Introduction

With the encouragement of Francois Mauriac, Elie Wiesel broke his silence on the horror of the Holocaust to produce an 800-page memoir entitled, Un di Velt Hot Geshvign, in 1956. That cathartic story was reworked over two years and became the slim 1958 novella La Nuit which became Night in 1960. Wiesel’s novel revealed the Holocaust in stark, evocative, detail. He had a hard time finding an audience, however, in a world that preferred the 1947 Diary of a Young Girl written by Anne Frank. Night made no claim on innocence but created an aesthetics of the Holocaust to force people to face the horrible event and, hopefully, break the general silence surrounding that Hell. For Wiesel, Night began a brilliant writing career.
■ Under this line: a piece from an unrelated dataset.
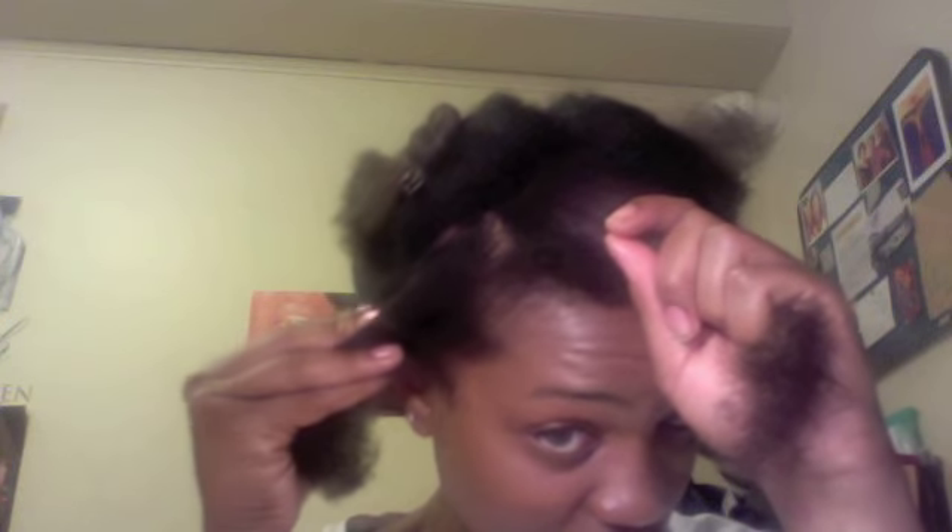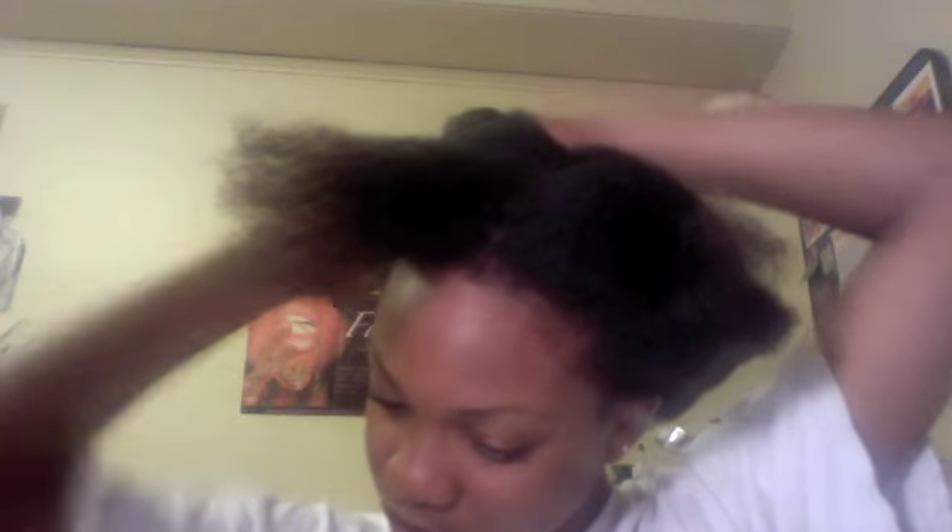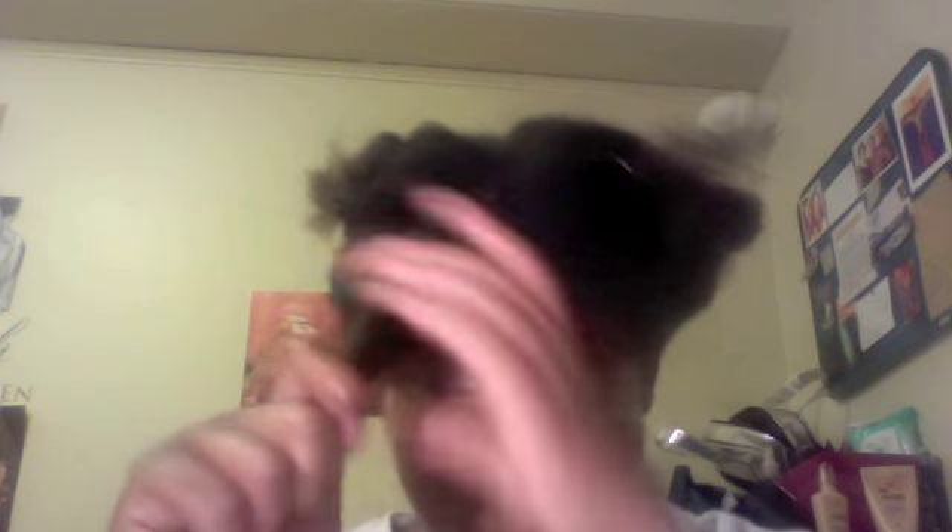I'm struggling with mirror issues. So this is the section I'll be doing my first Bantu knot out on. Because it should be fully detangled, I'm going to try to use a smaller tooth comb to comb it. I'm going to start from the bottom, taking my time.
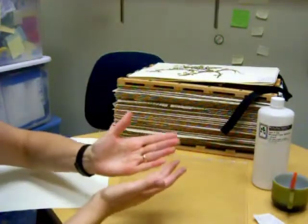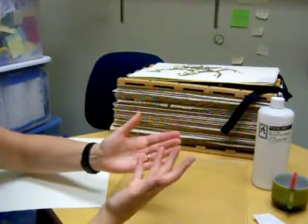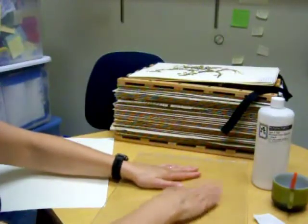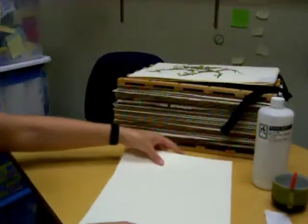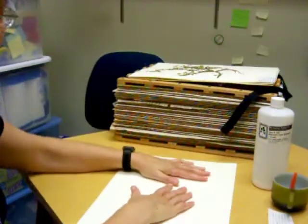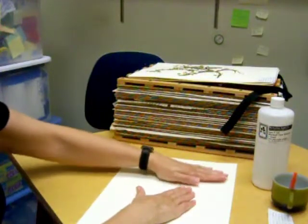Then I would carefully look at my specimen, make sure which side I wanted to glue and which side I wanted facing up on the sheet. Press it down in the glue and make sure I had glue everywhere. Then very carefully turn the glue side over and position it on the paper and press down very gently.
Night begins in 1941 in a Hasidic community in the town of Sighet, Transylvania. There we meet a devout young boy named Eliezer who is so fascinated by his own culture and religion that he wishes to study Jewish cabballa. His father, however, says he must master the Talmud before he can move on to the mystical side of the Jewish faith. Moshe the Beadle indulges the boy until the reality of World War II reaches them. The fascists come to power in Romania and foreign Jews are deported Moshe with them. Some days later, he makes it back to town and tells them what happened. All the people presumed deported were shot. That was only the beginning, the dusk of the coming night. Within a matter of paragraphs, officers of the Nazi SS corps have arrived and the family is broken up and sent to Birkenau; the metaphorical night only gets darker as Eliezer struggles to survive in the brutality and degradation of the camps.